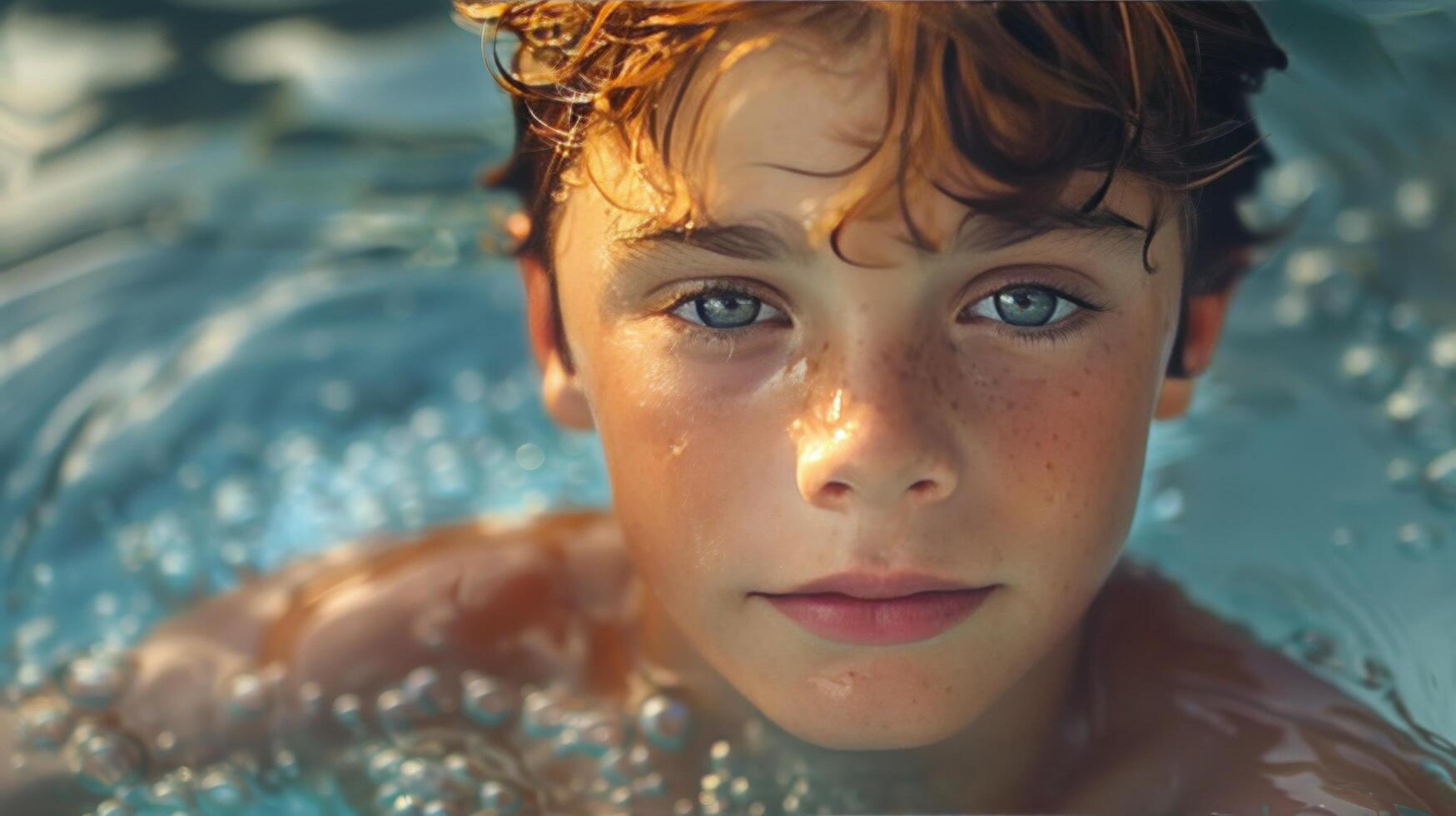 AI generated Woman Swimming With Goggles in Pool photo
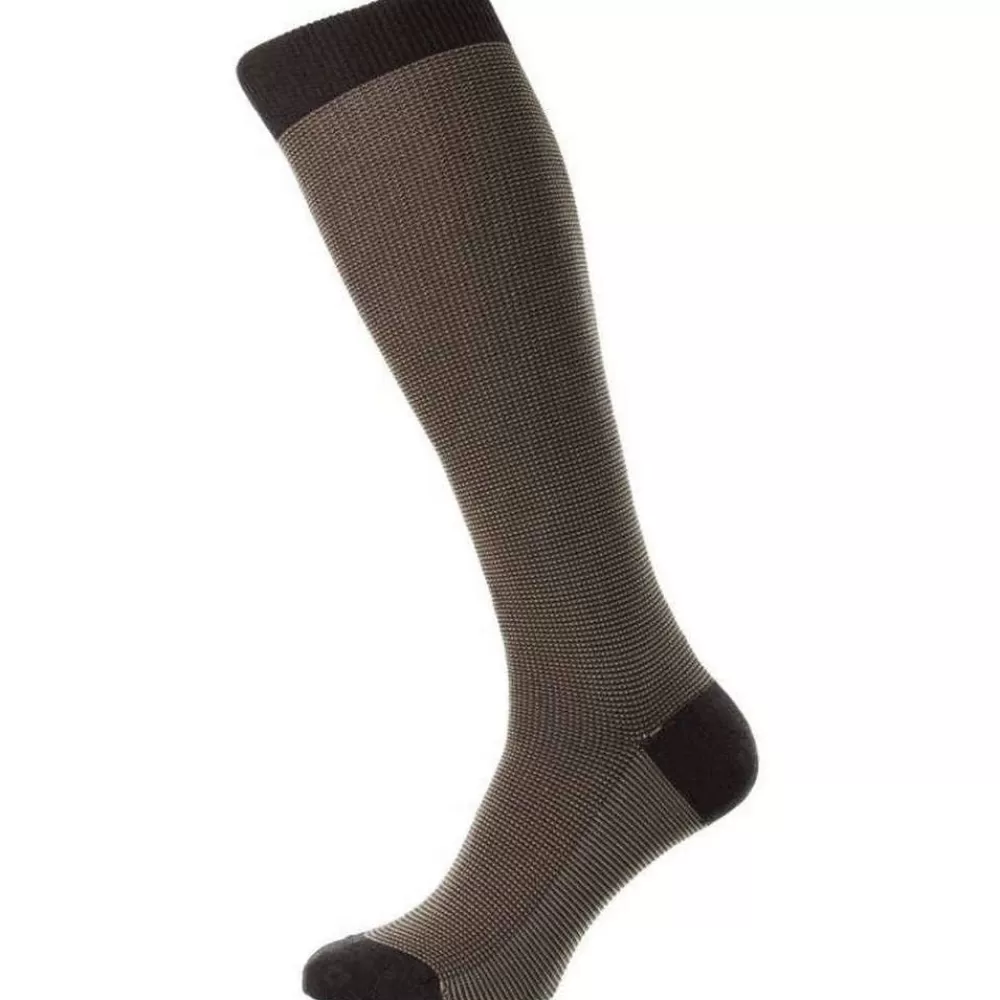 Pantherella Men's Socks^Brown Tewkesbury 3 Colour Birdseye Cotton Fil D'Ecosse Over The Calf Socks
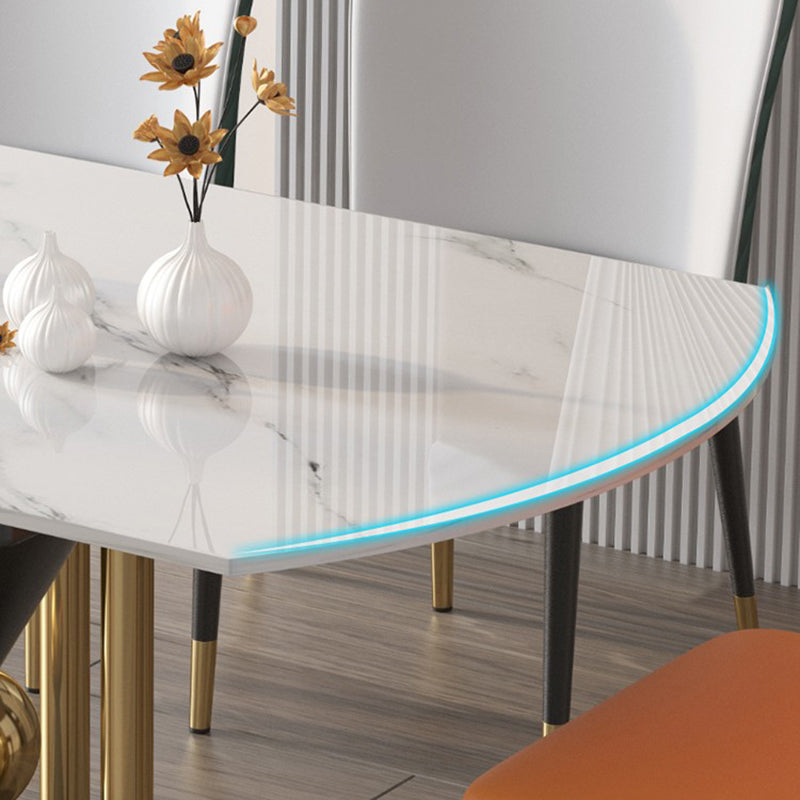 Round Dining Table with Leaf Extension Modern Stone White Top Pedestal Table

- - -

Since the pictures are not wanted, repeat only the rest of the material, exactly as given.

*Result:*
 AI generated Woman Swimming With Goggles in Pool photo
 Pantherella Men's Socks^Brown Tewkesbury 3 Colour Birdseye Cotton Fil D'Ecosse Over The Calf Socks
 Round Dining Table with Leaf Extension Modern Stone White Top Pedestal Table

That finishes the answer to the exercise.